- Born: Robert Orel Dean March 2, 1929
- Died: October 11, 2018 (aged 89)
- Education: Indiana University
- Occupations: Ufologist
- Organization: MUFON

= Robert Dean (ufologist) =

American ufologist (1929–2018)

Robert Orel Dean (March 2, 1929 – October 11, 2018) was an American ufologist from Tucson, Arizona.

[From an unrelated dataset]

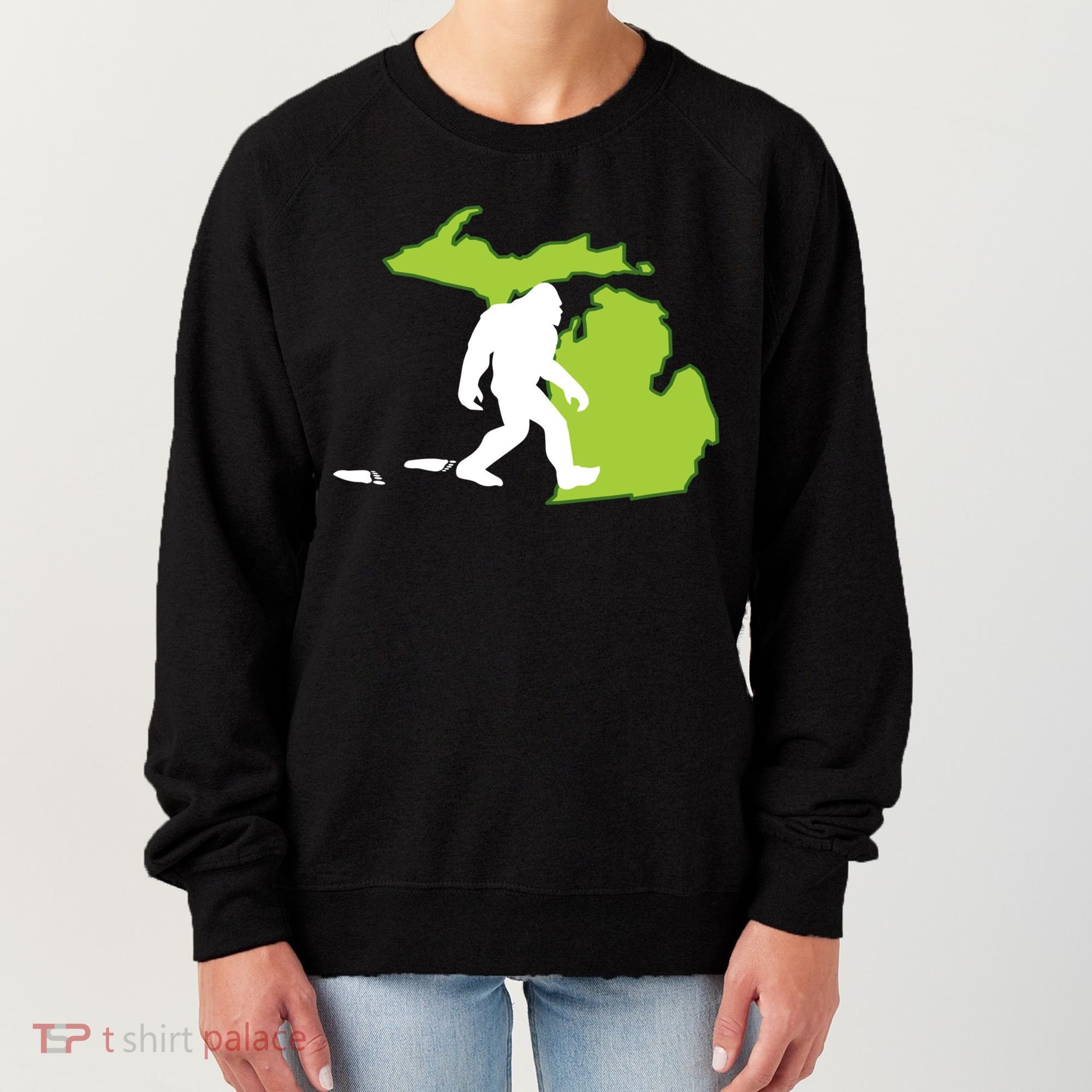 Michigan State Bigfoot Hunter Gift Great Gift Women's Sweatshirt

Dean retired from the U.S. Army as a Command Sergeant Major after a 28-year career. He appeared on radio programs, TV documentaries and at conferences discussing the subject of unidentified flying objects (UFOs) and a government cover-up of alien visitations to Earth. Dean claimed to have viewed a classified government document called "The Assessment" that allegedly discussed threats posed by alien activity on Earth, and concluded that no such threats existed. Dean said he considers himself a professional UFO researcher and had "Cosmic Top Secret" clearance while in the military. In 1992, while employed as emergency services coordinator for Pima County, Arizona, Dean sued his employer for discrimination, saying he was treated unfairly because of his belief in UFOs, and because of his age, reportedly settling for $100,000.

==See also==
- List of ufologists
- UFO conspiracy theories

==Bibliography==
- Greatest Story Never Told (video), Margana Anagram Production, 1997 (author/host)
- UFO - Cosmic Top Secret (video), Visual Corporation Ltd, 1996, ASIN: B000057YNB (presenter)
- The UFO Anthology CD-ROM, Dreamland Interactive, 1998, ISBN 978-0-9669651-0-0 (host)
- Secrets from the Underground - Hybrid 101 Vol 6: Military Coverup & Hybrids, Alien Secrets, 2007, ASIN: B000TRILM8 (DVD interview with Robert O. Dean)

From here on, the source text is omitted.